Fall for You is the fifth studio album by American recording artist Leela James. It was released by Shesangz Music under exclusive license to BMG Rights Management on July 8, 2014 in the United States. The album debuted and peaked at number 12 on Billboards Top R&B/Hip-Hop Albums chart and at number 69 on the Billboard 200 chart.

==Critical reception==

Allmusic editor Andy Kellman found that Fall for You offers "with an impressive synthesis of classic and contemporary sounds.
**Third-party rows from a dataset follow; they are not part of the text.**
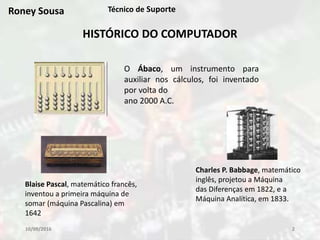 10/09/2016 2
Técnico de Suporte
HISTÓRICO DO COMPUTADOR
O Ábaco, um instrumento para
auxiliar nos cálculos, foi inventado
por volta do
ano 2000 A.C.
Blaise Pascal, matemático francês,
inventou a primeira máquina de
somar (máquina Pascalina) em
1642
Charles P. Babbage, matemático
inglês, projetou a Máquina
das Diferenças em 1822, e a
Máquina Analítica, em 1833.
Roney Sousa
 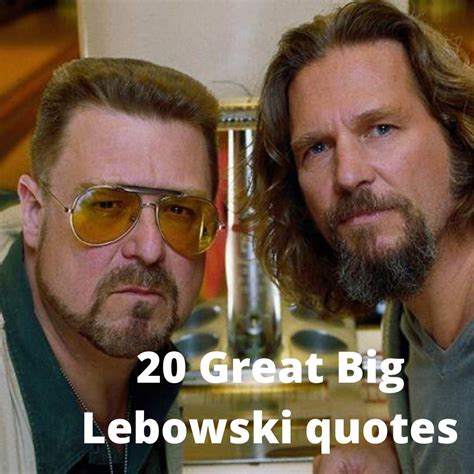 20 great The Big Lebowski quotes (but that’s just like our opinion ...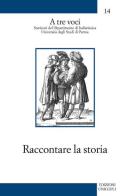 Raccontare la storia di G. Mario Anselmi, Enrico Mattioda, Massimo Montanari edito da Unicopli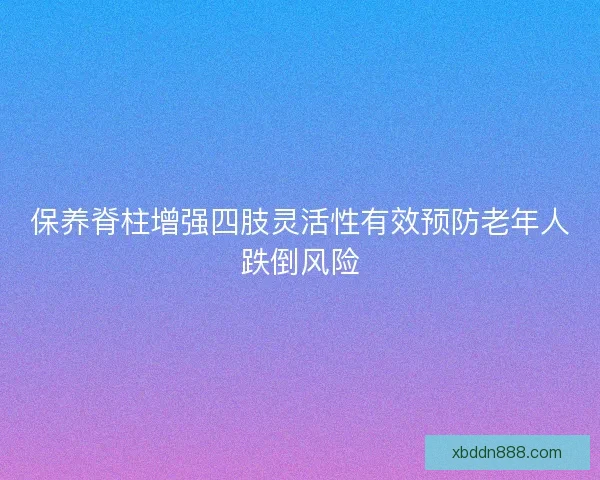 保养脊柱增强四肢灵活性有效预防老年人跌倒风险 保养脊柱增强四肢灵活性有效预防老年人跌倒风险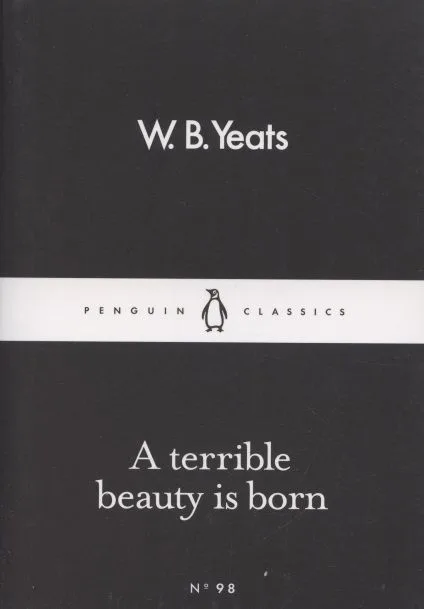 A Terrible Beauty Is Born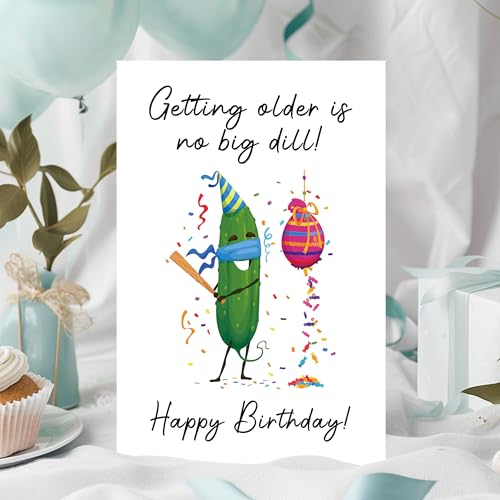 Funny Pickle Birthday Card - Getting Older is a Big Dill Greeting Card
The blend of styles [...] is made evident immediately, with lead song "Who's Gonna Love You More" opening with a buzzing synthesizer quickly offset by a typically gutsy and assertive vocal from James [...] While the percentage of excellent material isn't as high as it is on James' two previous albums, Fall for You is an engaging release with some pleasingly unaffected twists." L. Michael Gipson from SoulTracks praised the project as one of James' strongest albums, highlighting her powerful vocals, stronger original material, and tracks such as "Do Me Right," "So Good," and "Fall for You." Gipson noted that the album helped establish James as an artist beyond her acclaimed cover performances. Writing for Detroit Metro Times, Lee DeVito praised Fall for You for showcasing James' gritty, soulful vocals and her modern interpretation of classic soul. He highlighted the album's range, from 1990s-style R&B to piano ballads, while noting that some of the production felt overly polished and generic.

Professional ratings
Review scores
| Source | Rating |
| AllMusic | Star Half star |
| Pop Magazine | Star Half star |

==Commercial performance==
Fall for You reached number 69 on the US Billboard 200 and number 12 on the Top R&B/Hip-Hop Albums. It also ranked at number 97 on the year-end Top R&B/Hip-Hop Albums chart.

==Track listing==
Credits adapted from the liner notes of Fall for You.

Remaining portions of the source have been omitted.